This February, Woolworth's UK incited parental ire with an infelicitously named girl's bedroom set: the Lolita Midsleeper Combi. A spokesperson said, "... the staff had never heard of Lolita. ... We had to look it up on Wikipedia. But we certainly know who she is now."

That's the kind of dumb that makes headlines. Even if you've never had the exquisite pleasure of reading Vladimir Nabokov's Lolita, you know its notorious plot: Middle-aged Humbert Humbert is besotted by his 12-year-old stepdaughter, the "nymphet" Dolores Haze. Lolita is one of those rare titles that has been promoted to a term.

Lolita is not just a love story. It is also a jailhouse confession, a picaresque road trip, a parody of the "Freudian voodoo" Nabokov detested, an intricately plotted murder mystery and an impassioned love letter to the U.S. landscape and language. The prose is exuberant and erudite, cantering and bantering, jam-packed with spot-on mimicry and delectable wordplay, as Nabokov revels in his prodigious adopted vocabulary. Uproariously funny and heart-smashingly sad, Lolita is a virtuoso performance, one that leaves other 20th century novels choking on its gorgeous dust.

Humbert and his Lo share one trait with their creator; all three are aesthetes, living through the lens of art. Hum fancies himself a mad poet, and salts his testimony with literary allusions, often to Poe, a fellow ill-fated nympholept. Lolita, much to her dreadful mother Charlotte's chagrin, acts like a starlet.

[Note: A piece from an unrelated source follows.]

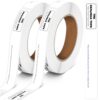 Pushglossy 2 Roll 500 Labels Sealable Tape 3/4" x 6" Surface Waterproof Stop Liquid Leaks Tapes Wrapping Toiletries, Bottle, Jar Lids to Form Leakproof Seal for Transportation Shipping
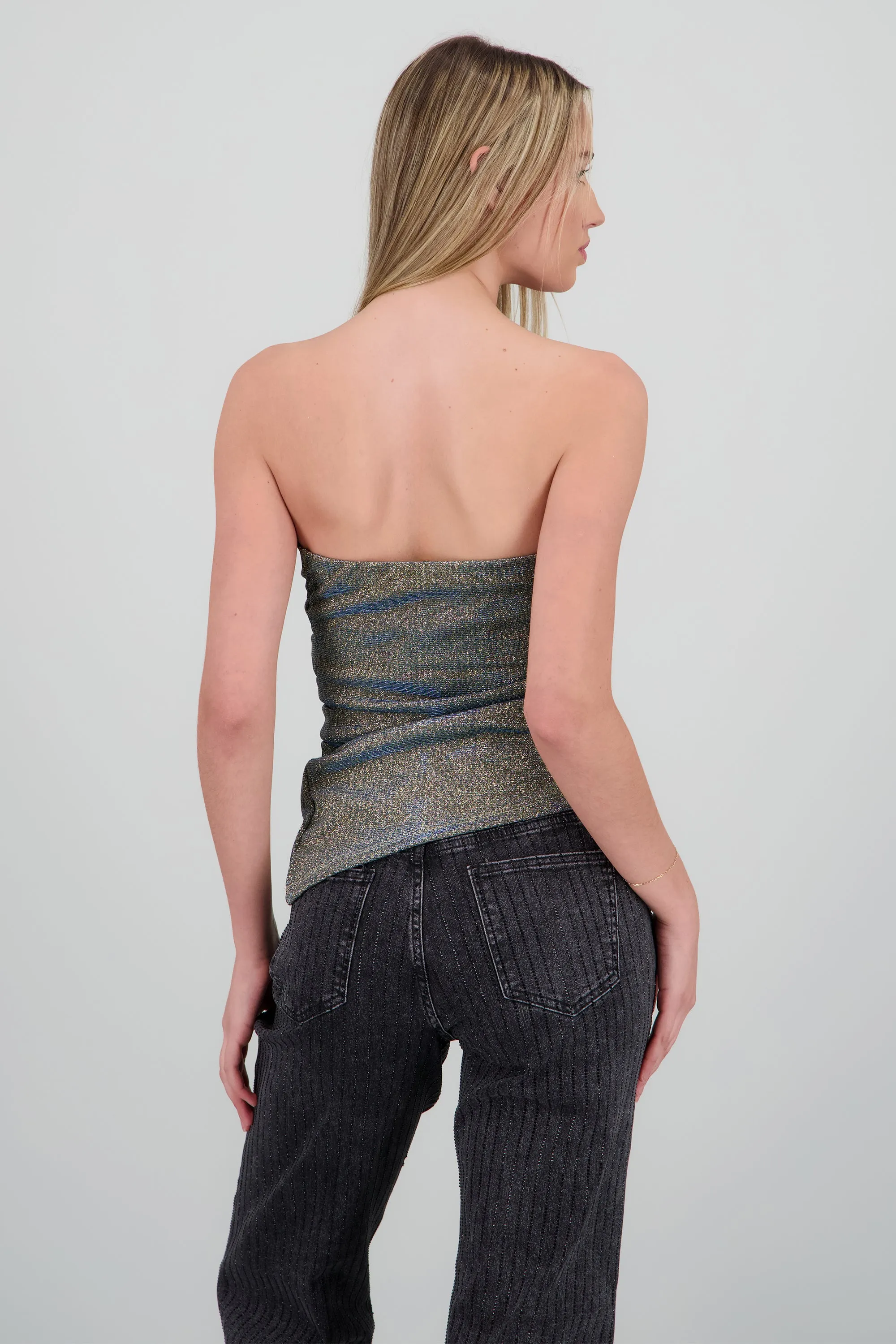 Top bandeau asimetrico brillos sold by Shasa product image thumbnail 4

Lolita is immersed in pop culture, a consummate consumer, "glad as an ad." While Humbert dandles her on his lap, aflame with polysyllabic ecstasies, she reads the funnies. As they tear from tourist trap to tourist trap, he plies her with movies, magazines, clothes and junk food: "To think that between a Hamburger and a Humburger, she would - invariably, with icy precision - plump for the former. There is nothing more atrociously cruel than an adored child."

Here we see some of the rot that lumbers through Humbert's veins. Humbert is vile, a hunk of "movieland manhood" concealing a cesspool of despoiling lust. Clare Quilty, the playwright who is Humbert's debauched doppelganger and romantic rival, is even worse. But when Hum beseeches Lo, now the worn and pregnant Mrs. Dolly Schiller, to quit her shabby little life and run away with him again, she says she'd sooner return to Q and his more florid perversions. Humbert may look like a celebrity, but Quilty is one.

Why write such a beautiful book about such reprehensible people? Nabokov's reading of Madame Bovary offers us a crucial clue. He quotes a passage in which Flaubert lists clichés from the trashy romantic novels Emma Bovary adores. The subject matter may be vulgar and repulsive, Nabokov writes, but Flaubert's composition is balanced and modulated. He declares, "This is style. This is art. This is the only thing that really matters in books."

Nabokov argued that the worst kind of reader was one who identified with the characters, a type of reading all too common now, in the age of the me-me-me-moir.

Humbert is a gauntlet hurled at bad readers, a perfectly executed prank. Those who read in search of their boring selves, or insipid values, are totally stymied by Nabokov's meticulous portrait of a vain, selfish "pentapod monster." Want to punch yourself in the brain? Read one-star Amazon reviews for Lolita. Some people hate "pretension" almost as much as pedophilia: words too big, girl too little, bad book, bad man. Adolf Eichmann too found the book "unwholesome."

Whenever the public collapsed Nabokov and Humbert, their inability to understand how art works offended him far more than their absurd allegations of pedophilia. He said, "To call a story a true story is an insult to both art and truth. Every great writer is a great deceiver, but so is that arch-cheat Nature."

Also a distinguished lepidopterist, Nabokov delighted in the way some butterfly wings imitated leaves, right down to the worm-holes. Similarly, Hum and Lo's "world of total evil" teems with tiny glimmering details, as vivid and variegated as the American wilds he loved to explore. Humbert tells us that he can "see nothing for the treatment of my misery but the melancholy and very local palliative of articulate art." But art as great as Lolita transcends palliation and melancholy, becoming pure joy, the exalted state Nabokov called "aesthetic bliss."

Laura Penny has a PhD in comparative literature. She teaches at Mount Saint Vincent University.

QUOTABLE

You may jeer at me, and threaten to clear the court, but until I am gagged and half-throttled, I will shout my poor truth. I insist the world know how much I loved my Lolita, this Lolita, pale and polluted, and big with another's child, but still gray-eyed, still sooty-lashed, still auburn and almond, still Carmencita, still mine; Changeons de vie, ma Carmen, allons vivre quelque part où nous ne serons jamais séparés; Ohio? The wilds of Massachusetts? No matter, even if those eyes of hers would fade to myopic fish, and her lovely young velvety delicate delta be tainted and torn - even then I would go mad with tenderness at the mere sight of your dear wan face, at the mere sound of your raucous young voice, my Lolita.